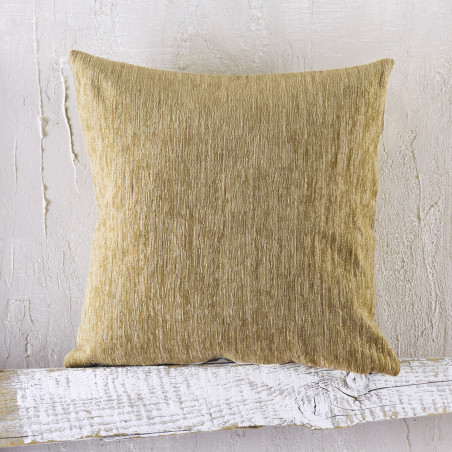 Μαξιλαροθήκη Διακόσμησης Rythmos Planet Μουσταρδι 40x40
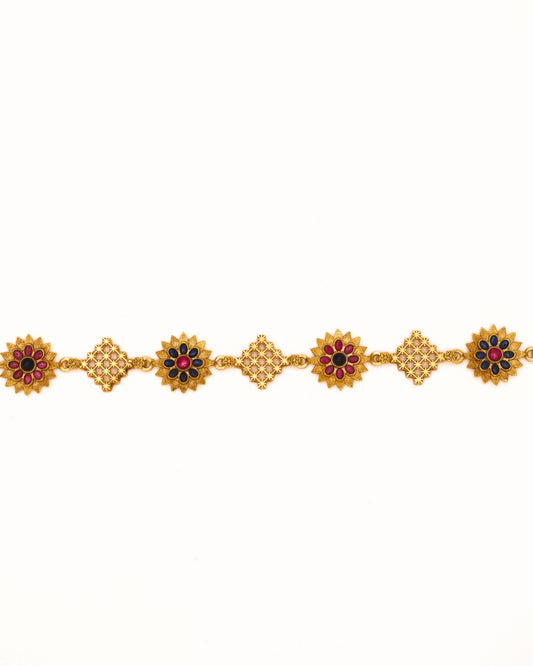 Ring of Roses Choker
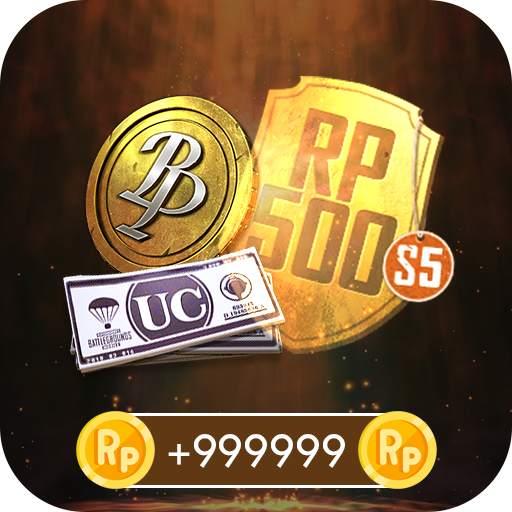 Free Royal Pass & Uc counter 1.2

────────────────────────────────────────

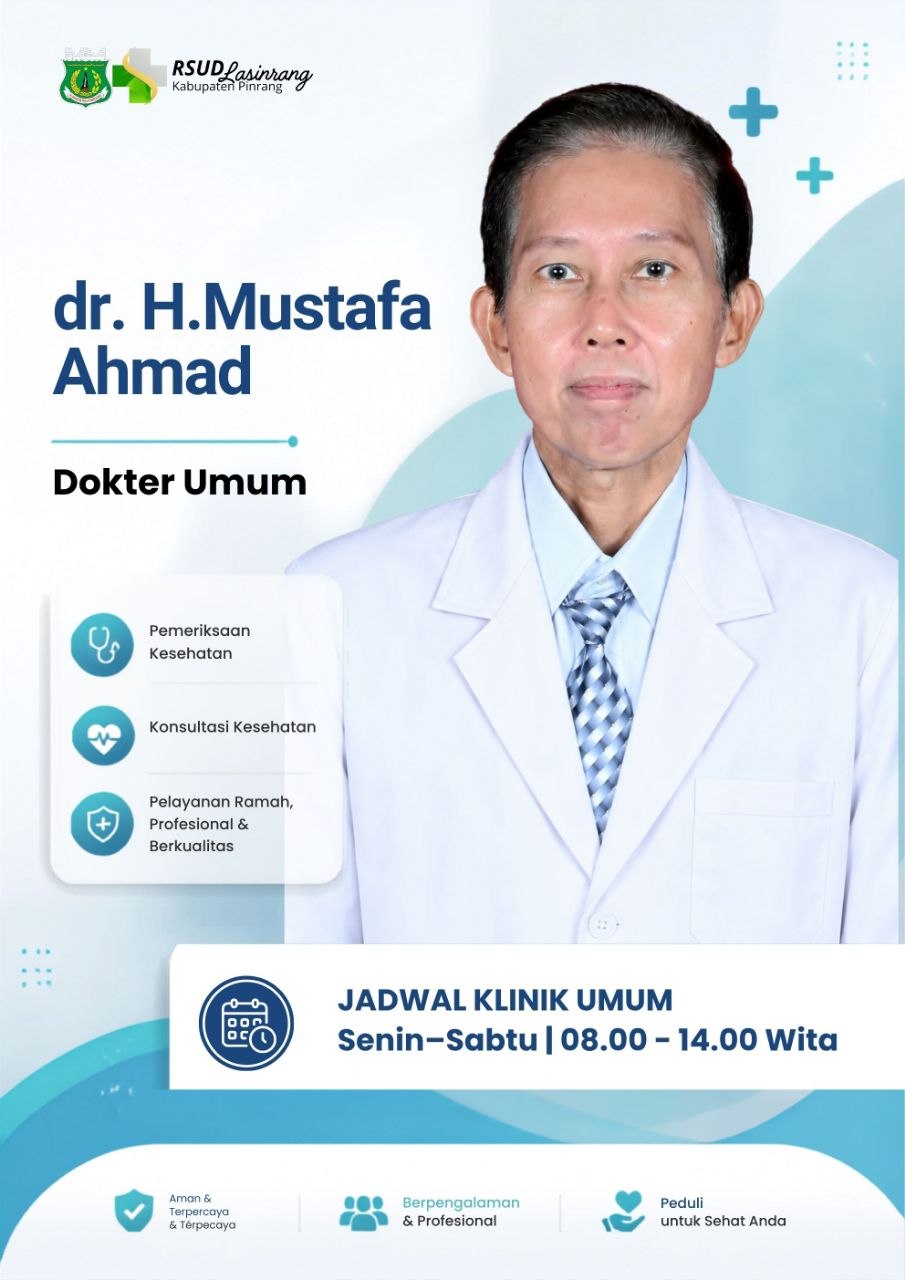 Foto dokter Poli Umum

────────────────────────────────────────

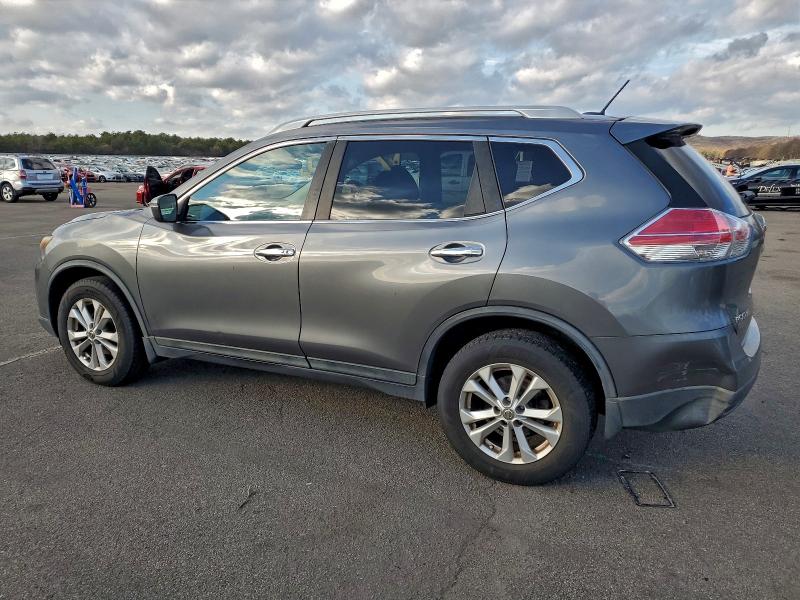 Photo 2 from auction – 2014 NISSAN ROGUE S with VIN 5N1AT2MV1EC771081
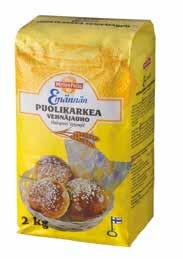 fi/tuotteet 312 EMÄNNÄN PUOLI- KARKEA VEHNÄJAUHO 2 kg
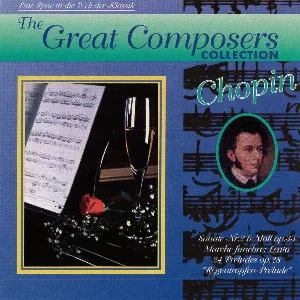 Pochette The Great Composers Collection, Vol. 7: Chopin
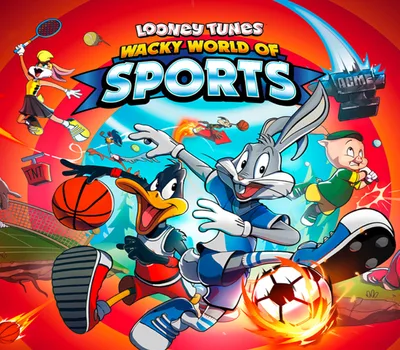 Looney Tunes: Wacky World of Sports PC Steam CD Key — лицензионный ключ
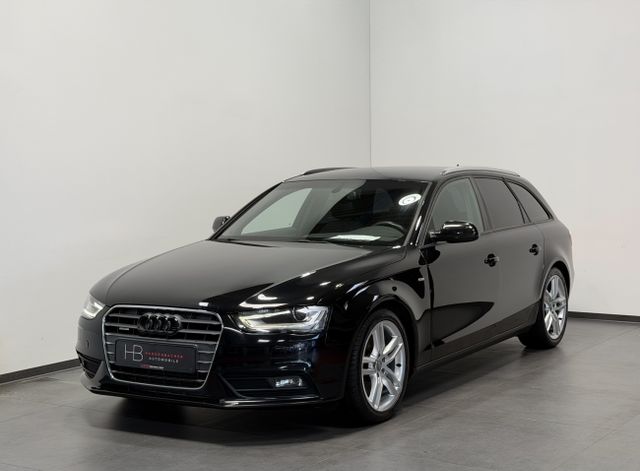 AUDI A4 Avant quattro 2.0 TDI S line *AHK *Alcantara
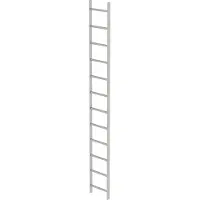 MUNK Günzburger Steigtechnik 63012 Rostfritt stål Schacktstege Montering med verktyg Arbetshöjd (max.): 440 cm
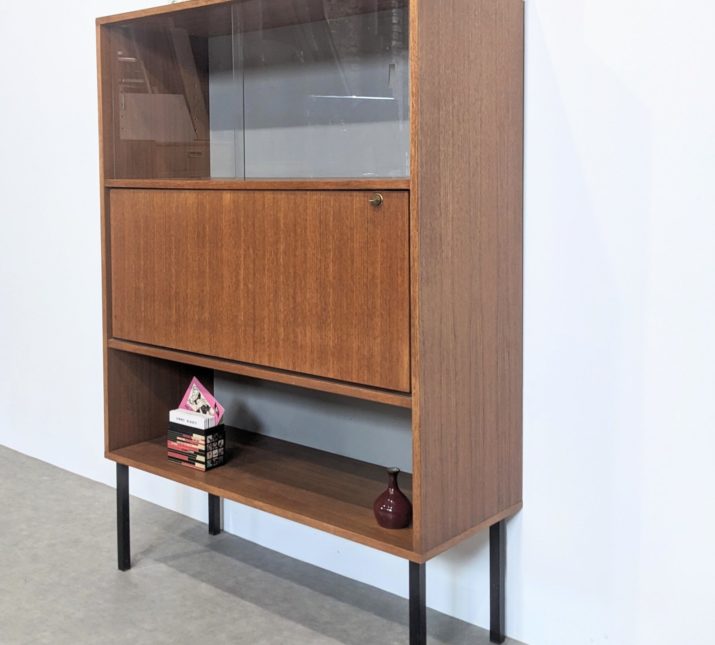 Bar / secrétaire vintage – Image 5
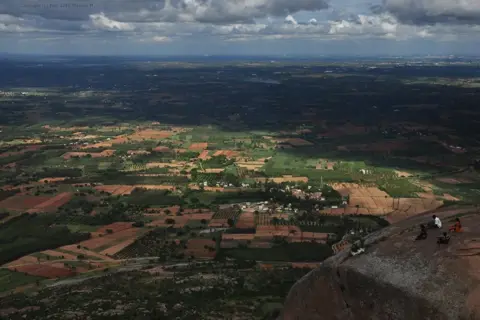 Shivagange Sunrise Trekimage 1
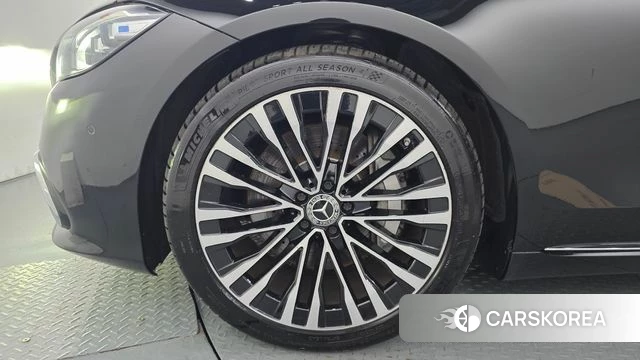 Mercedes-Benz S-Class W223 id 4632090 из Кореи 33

────────────────────────────────────────

• _Work to complete_
Only the lines starting at the one that includes "MUNK Günzburger Steigtechnik" and ending at the one that includes "Mercedes-Benz S-Class W223" should be retyped, exactly, from the records above; no pictures.

• _Exercise output_
 MUNK Günzburger Steigtechnik 63012 Rostfritt stål Schacktstege Montering med verktyg Arbetshöjd (max.): 440 cm
 Bar / secrétaire vintage – Image 5
 Shivagange Sunrise Trekimage 1
 Mercedes-Benz S-Class W223 id 4632090 из Кореи 33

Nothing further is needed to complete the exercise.